5. Continue support for the rule of law and democracy in Africa. In his speech to Ghana’s parliament during his first year in office, Obama declared that “Africa doesn’t need strongmen, it needs strong institutions.” Building strong institutions, supporting human rights and the rule of law, and challenging leaders who threaten democratic processes are policies that can enjoy broad bipartisan support. For example, the Democratic Republic of the Congo’s President Joseph Kabila is notoriously seeking a way around that country’s clear constitutional ban not only on a third consecutive term as president, but its prohibition with any tinkering with term limits. The Obama administration — from Secretary of State John Kerry through Special Envoy Russ Feingold to Ambassador James Swan — have all been clear in their warnings against the Congolese leader’s ambitions, but so has House Foreign Affairs Committee Chairman Ed Royce (R-Calif.), who has repeatedly singled Kabila out for seeking to create an “imperial, indefinite” presidency.

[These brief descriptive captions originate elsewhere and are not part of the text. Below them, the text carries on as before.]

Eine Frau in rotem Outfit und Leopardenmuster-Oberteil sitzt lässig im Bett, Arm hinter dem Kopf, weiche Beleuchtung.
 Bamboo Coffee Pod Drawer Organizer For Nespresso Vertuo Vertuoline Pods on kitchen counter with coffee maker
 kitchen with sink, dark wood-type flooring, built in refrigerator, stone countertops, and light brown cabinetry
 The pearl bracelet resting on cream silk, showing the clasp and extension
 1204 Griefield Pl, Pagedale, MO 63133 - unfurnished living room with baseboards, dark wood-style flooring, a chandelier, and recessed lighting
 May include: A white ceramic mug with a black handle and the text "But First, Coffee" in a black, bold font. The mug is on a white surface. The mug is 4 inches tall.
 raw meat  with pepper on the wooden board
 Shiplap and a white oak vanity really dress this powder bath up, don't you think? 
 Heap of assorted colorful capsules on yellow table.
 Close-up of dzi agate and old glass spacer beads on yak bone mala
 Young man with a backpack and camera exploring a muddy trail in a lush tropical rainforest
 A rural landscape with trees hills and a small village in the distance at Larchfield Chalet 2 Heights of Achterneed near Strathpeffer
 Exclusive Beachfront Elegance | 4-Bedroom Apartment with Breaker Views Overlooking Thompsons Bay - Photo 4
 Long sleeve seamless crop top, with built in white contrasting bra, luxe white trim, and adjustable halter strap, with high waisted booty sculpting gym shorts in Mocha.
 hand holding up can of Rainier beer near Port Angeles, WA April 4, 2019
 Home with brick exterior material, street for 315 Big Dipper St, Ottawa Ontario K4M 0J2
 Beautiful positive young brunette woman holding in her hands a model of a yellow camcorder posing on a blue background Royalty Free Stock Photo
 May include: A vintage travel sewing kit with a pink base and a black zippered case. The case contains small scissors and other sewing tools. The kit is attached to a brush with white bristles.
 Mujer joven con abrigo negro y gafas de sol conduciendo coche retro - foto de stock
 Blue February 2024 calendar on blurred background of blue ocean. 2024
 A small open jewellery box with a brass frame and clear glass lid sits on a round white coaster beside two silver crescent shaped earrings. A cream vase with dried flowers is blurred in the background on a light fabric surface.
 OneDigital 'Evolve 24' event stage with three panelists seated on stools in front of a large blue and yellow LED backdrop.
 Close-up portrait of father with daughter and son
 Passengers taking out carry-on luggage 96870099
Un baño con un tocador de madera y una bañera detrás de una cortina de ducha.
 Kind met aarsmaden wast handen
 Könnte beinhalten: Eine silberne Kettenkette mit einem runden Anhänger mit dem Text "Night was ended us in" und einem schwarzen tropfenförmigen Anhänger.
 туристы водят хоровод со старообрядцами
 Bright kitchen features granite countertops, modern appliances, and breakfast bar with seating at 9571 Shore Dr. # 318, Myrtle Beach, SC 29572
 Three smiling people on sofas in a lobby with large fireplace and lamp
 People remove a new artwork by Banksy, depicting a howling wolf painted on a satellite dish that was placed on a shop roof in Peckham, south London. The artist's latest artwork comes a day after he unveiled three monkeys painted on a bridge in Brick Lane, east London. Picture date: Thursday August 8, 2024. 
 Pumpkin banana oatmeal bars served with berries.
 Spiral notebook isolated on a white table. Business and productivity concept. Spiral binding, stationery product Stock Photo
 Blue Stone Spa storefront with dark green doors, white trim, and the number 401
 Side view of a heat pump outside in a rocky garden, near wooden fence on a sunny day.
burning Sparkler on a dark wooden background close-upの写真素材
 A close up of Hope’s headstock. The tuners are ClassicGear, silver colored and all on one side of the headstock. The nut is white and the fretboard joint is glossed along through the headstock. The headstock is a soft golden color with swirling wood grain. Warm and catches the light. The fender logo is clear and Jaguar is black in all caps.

But funding for a U.S. role in consolidating democratization in Africa — especially for programs that focus on transparency of elections and support peaceful transfers of power — is woefully lacking. For example, Nigeria is due to have presidential, parliamentary and state elections in February 2015. Yet, unlike others polls in the West African country since the restoration of democracy in 1999, the U.S. government currently has no funds allocated for any independent election observers from organizations like the International Republican Institute and the National Democratic Institute, a mistake that should be corrected given the irregularities that plagued previous polls and the importance of the upcoming vote for the stability and direction of Africa’s largest economy and most populous country.
The “U.S. Strategy Toward Sub-Saharan Africa,” released in 2012, proclaimed that “as we look toward the future, it is clear that Africa is more important than ever to the security and prosperity of the international community, and to the United States in particular.” For this strategic reason, as well as for the tactical opportunity which, in the context of Washington’s newly changed political landscape, the forging of at least one bipartisan consensus on foreign policy presents for breaking through, however partially, the prevailing gridlock, it would behoove both the president and Republican leaders to put Africa among their priorities.
Pham is director of the Atlantic Council’s Africa Center.